ある時、近所の方が亡くなられたのでお参りに来てほしいと電話がありました。はじめて伺うお宅でした。中に入っていくと、遺体の傍に壮年のご夫婦と小学生の女の子が座っていました。遺体はとても小さく、お顔を見せていただくと、若い大人の女性でした。お聞きすると、その女性は壮年のご夫婦の子供で小学生の母、シングルマザーでその子を育てていたそうです。夜、内通夜になり、おつとめの本を皆に配って一緒にお勤めをしましょうと声をかけました。ついて読まれる声があまり聞こえません。どうやらお勤めには慣れておられない様子でした。翌日、お通夜に参りましてまたご一緒にとおつとめを始めたのですが、驚いたことに小学生の女の子がしっかり声を出しておつとめについてきます。お参りが終わると、祖母にあたるご夫人が、「この子はお勤めの本をめくってお正信偈を繰り返し繰り返し声にだして夜通し読んでいたのです」と、涙ながらに教えてくださいました。それをお聞きし何か胸が熱くなるのを覚えました。一人きりの母を亡くしたこの少女にとって、そうせざるを得ないものがあったのでしょう。その少女が夜通し読み続けたところにあったもの、それは言葉の持つ響きではないでしょうか。ずっと数えきれない人びとが悲しみの中で読みつづけてきた響きがそこにはあって、その響きを少女も感じておられたと思うのです。その響きは悲しむものを包んで受け止めてきた大いなる響きであります。その響きの中で少女はお母さんお母さんとずっと読み続けたのでしょう。読まれている言葉がかえって少女を受け止めていたのではないでしょうか。そこに一人一人の個別的な悲しみを貫いて受け止めていく世界。個人的悲しみを超えて個人を包む、如来の大いなる悲しみ、大悲の響きがあるのです。悲しみは喜びで押さえられるものではなく、かえって本当に悲しみを知った心に出遇って初めて受け止められていきます。すべてのものの悲しみを知っている、それが如来であります。

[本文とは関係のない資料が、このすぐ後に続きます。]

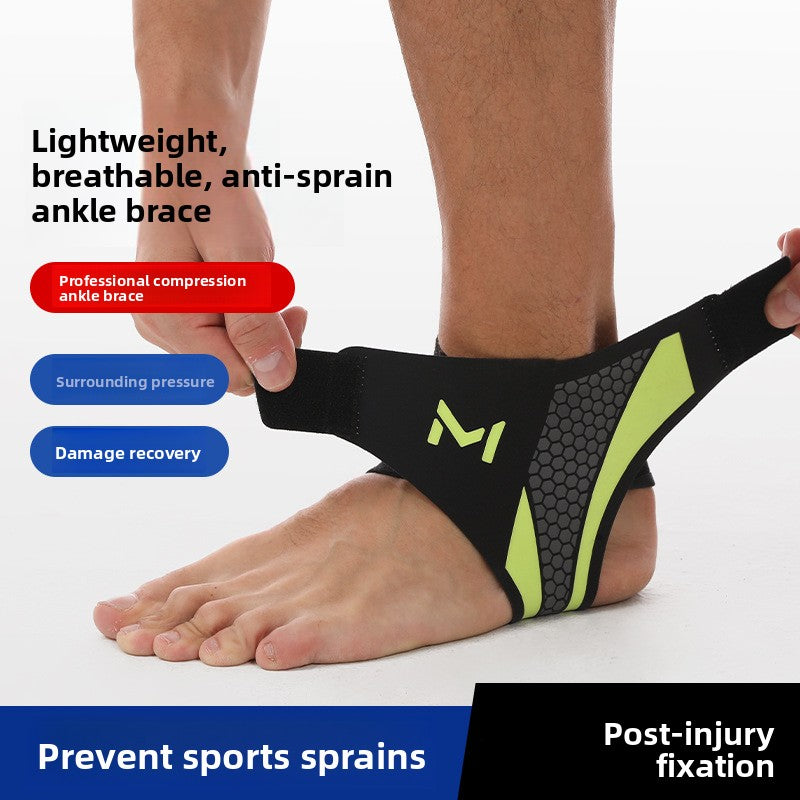 Select Society Sports Compression Ankle Brace, a sleek black and grey design for athletic support.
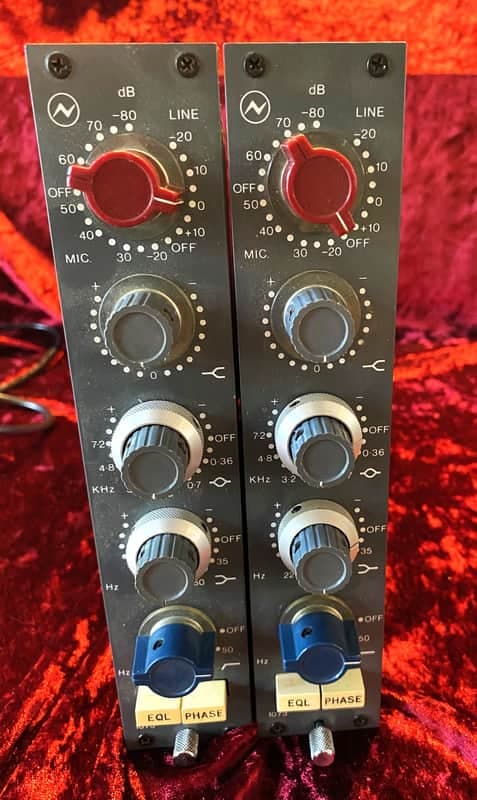 PAIR of Classic, VINTAGE 70's NEVE 1073 modules!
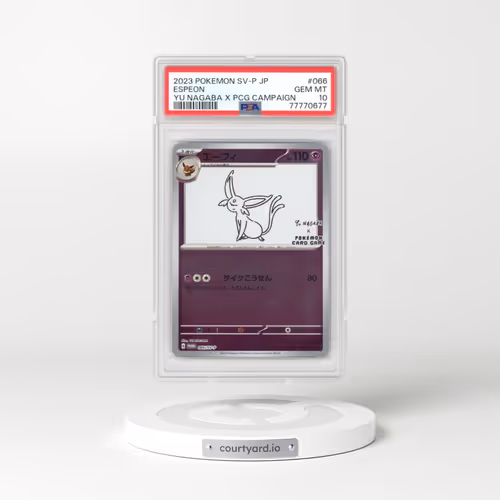 2022 Japanese Scarlet & Violet Promos #066 Espeon - YU NAGABA Pokémon Center Campaign (PSA 10 GEM MINT)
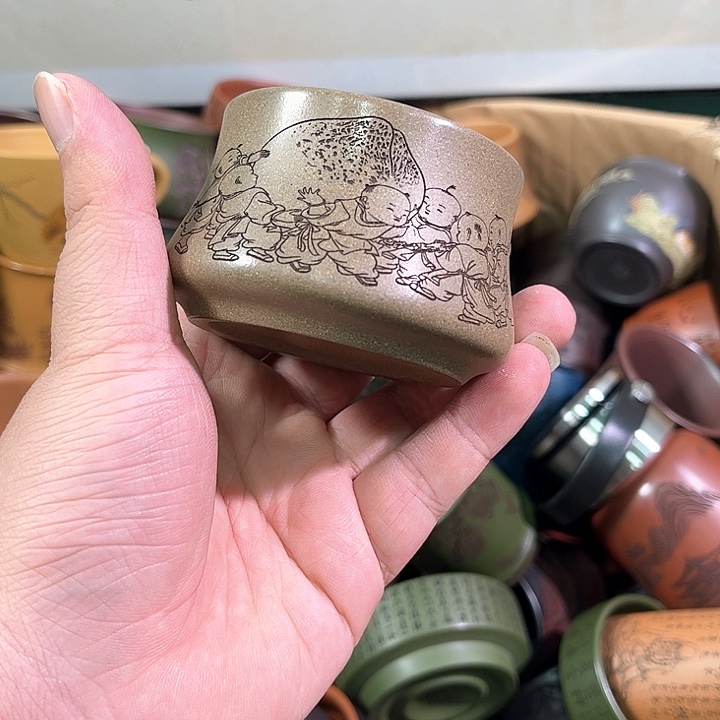 茶杯紫砂全手工紫砂主人杯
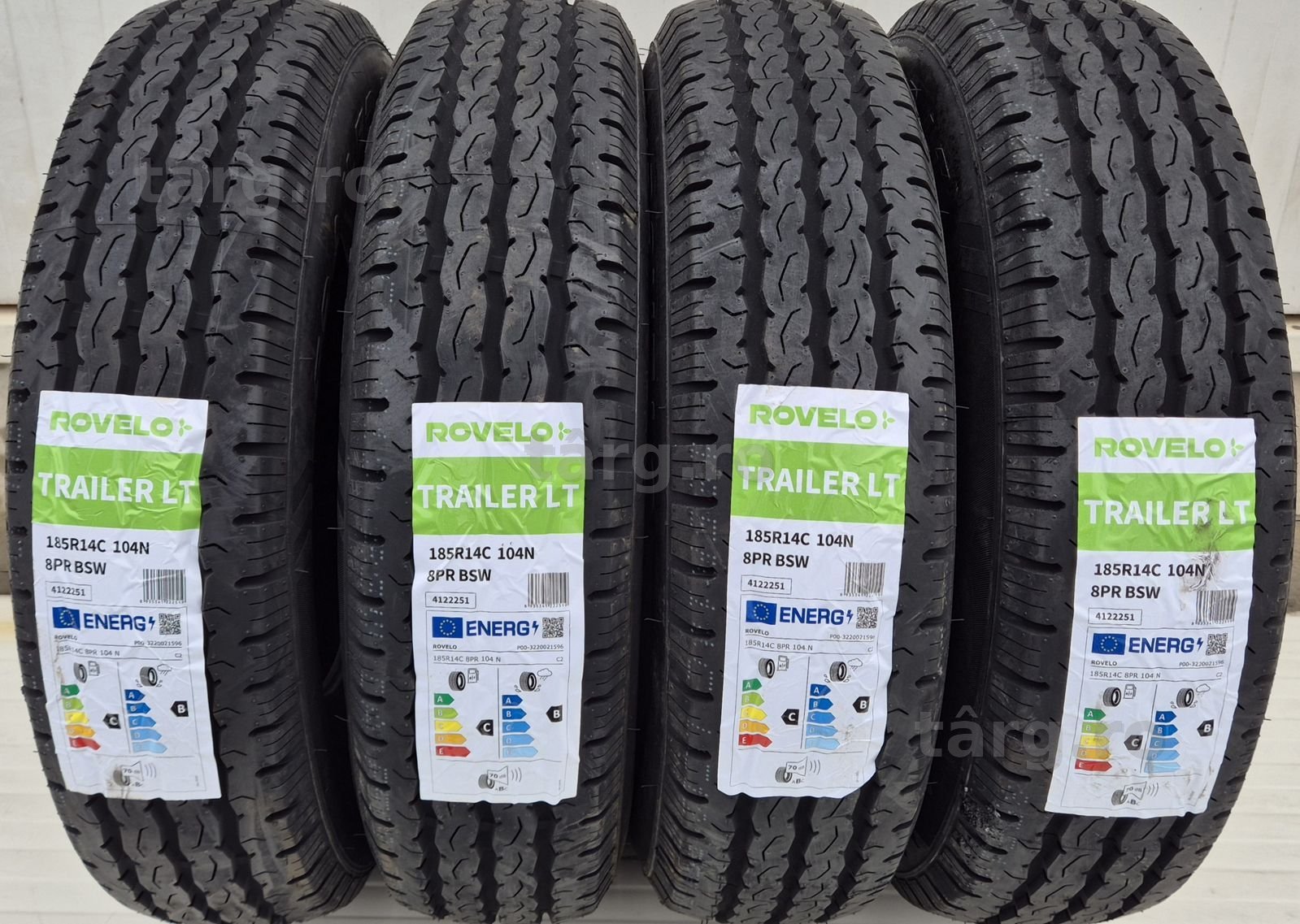 185 R14C, 104N, ROVELO Trailer ,Anvelope remorca M+S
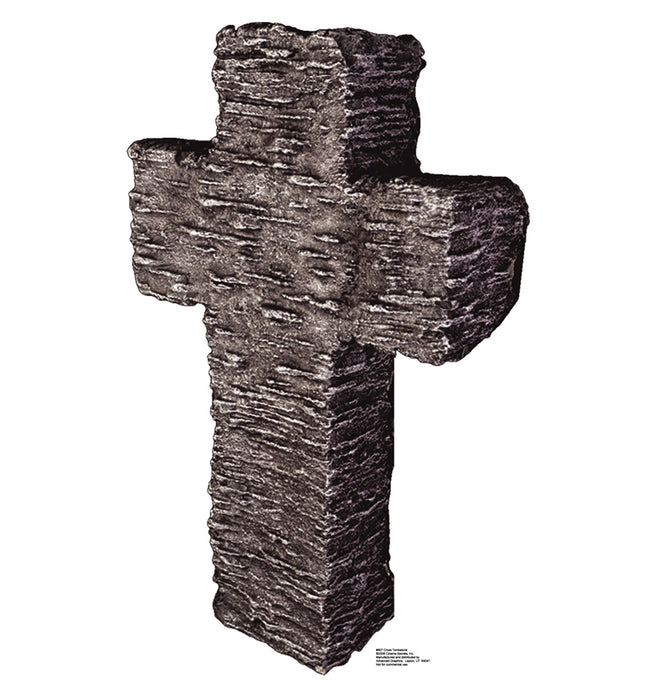 Cross Tombstone Lifesize Standup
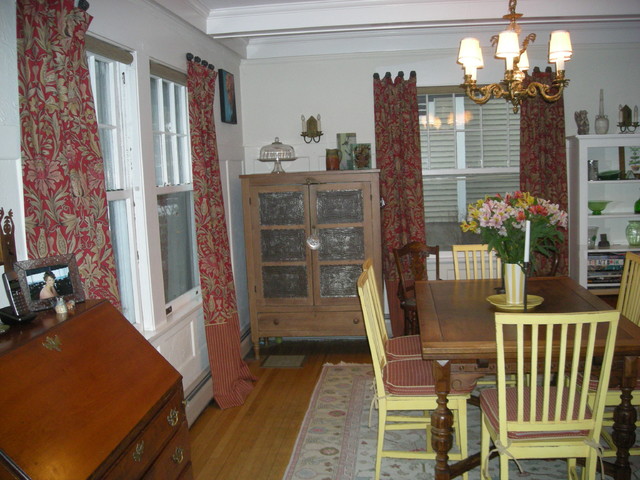 Drapery panels - traditional - dining room - new york - by R ...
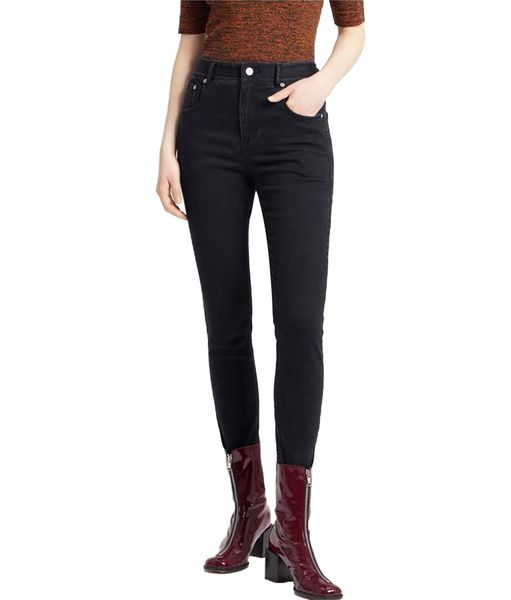 

women's jeans 2022 autumn and winter new black cotton elastic slim women's denim high waist pants, Blue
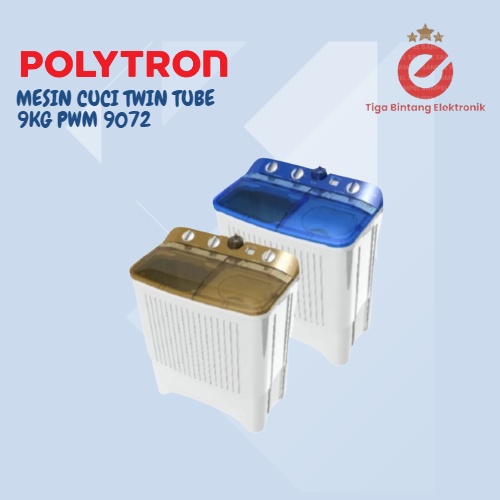 Mesin Cuci 2 Tabung Polytron PWM 9072 (9KG)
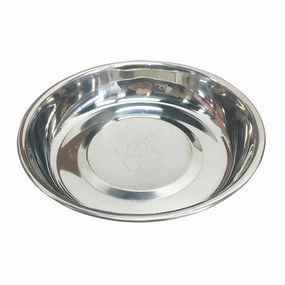 Messy Cats Stainless Steel Saucer-Shaped Bowl 1.75 Cup cat toys interactive cat toys cat teaser wand cat balls cat laser pointer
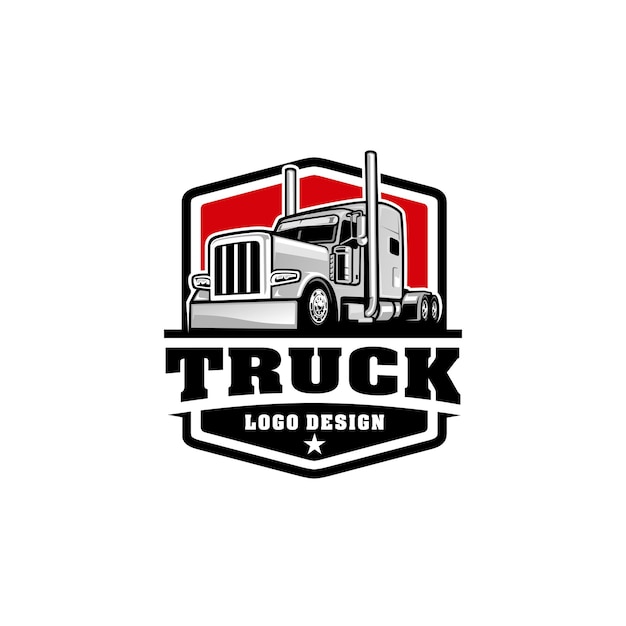 Trucking logo Premium vector logo design isolated Ready made logo concept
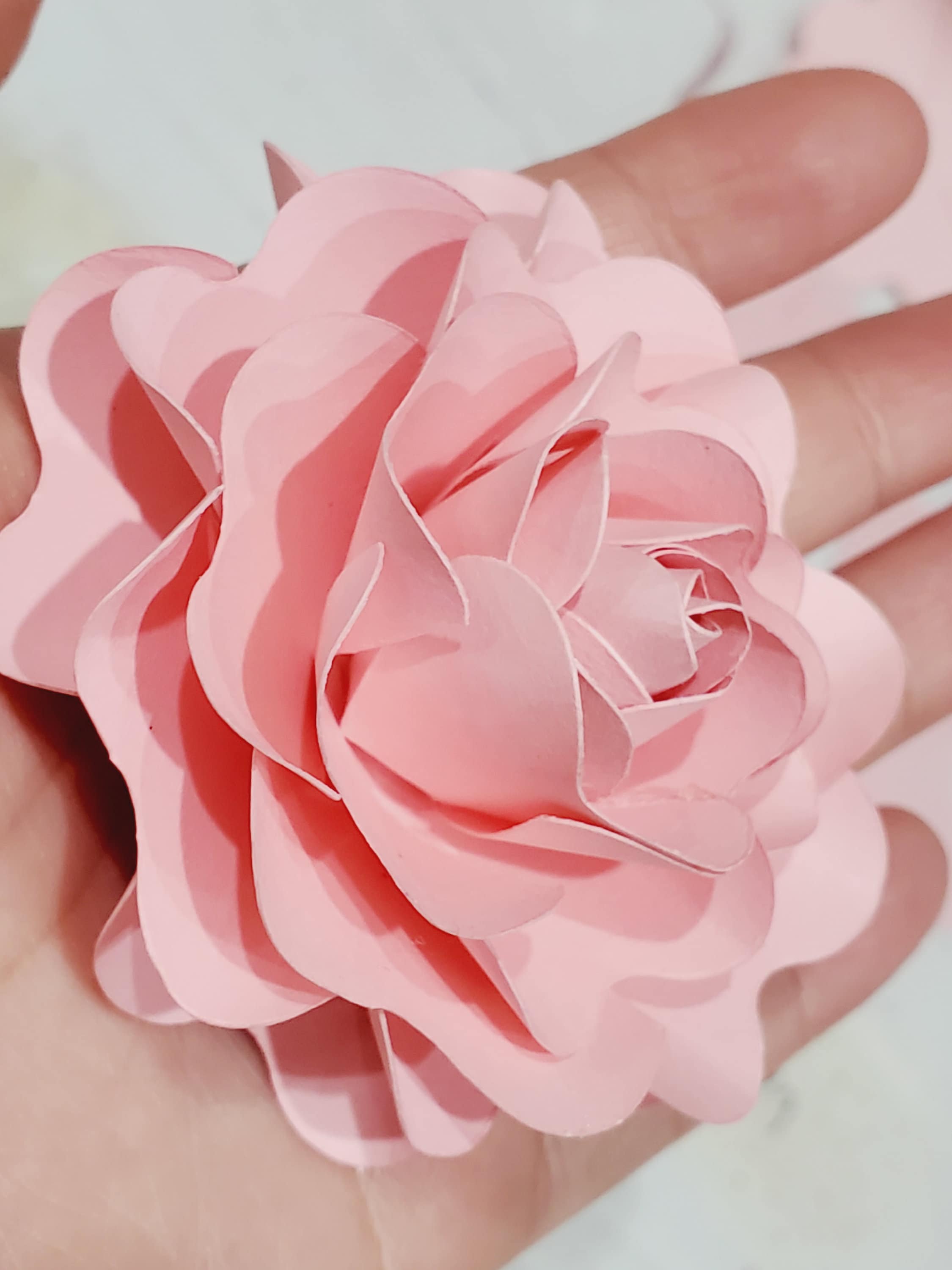 12ct Rose Template DIY, Rose Diecuts, Paper Roses, Paper Flowers, Roses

作家の石牟礼道子さんに教えていただいたことですが、水俣では悶え加勢という言葉があるそうです。村のある家で悲しい出来事があると、村人が何とか力になれないかと家に行く。しかし、かける言葉がない。悲しみを知っているが故に、むしろかける言葉がなく、戸口の所を行ったり来たりする。どうしていいかわからず悶えるわけです。結局何もできずに終わってしまうのですが、2~3年してその家のかたが、あの時は悶え加勢をしていただいて大変心強かったと言われるそうです。悲しみはその場しのぎの上手い言葉ではなく、悲しみを知った心に出遇ってはじめて受け止められていくものなのでしょう。
念仏は大悲の響きであり、それが人間を深い歴史的開けの中に目覚ましめ受け止めるのであります。開けとはまた、深い響きなのであります。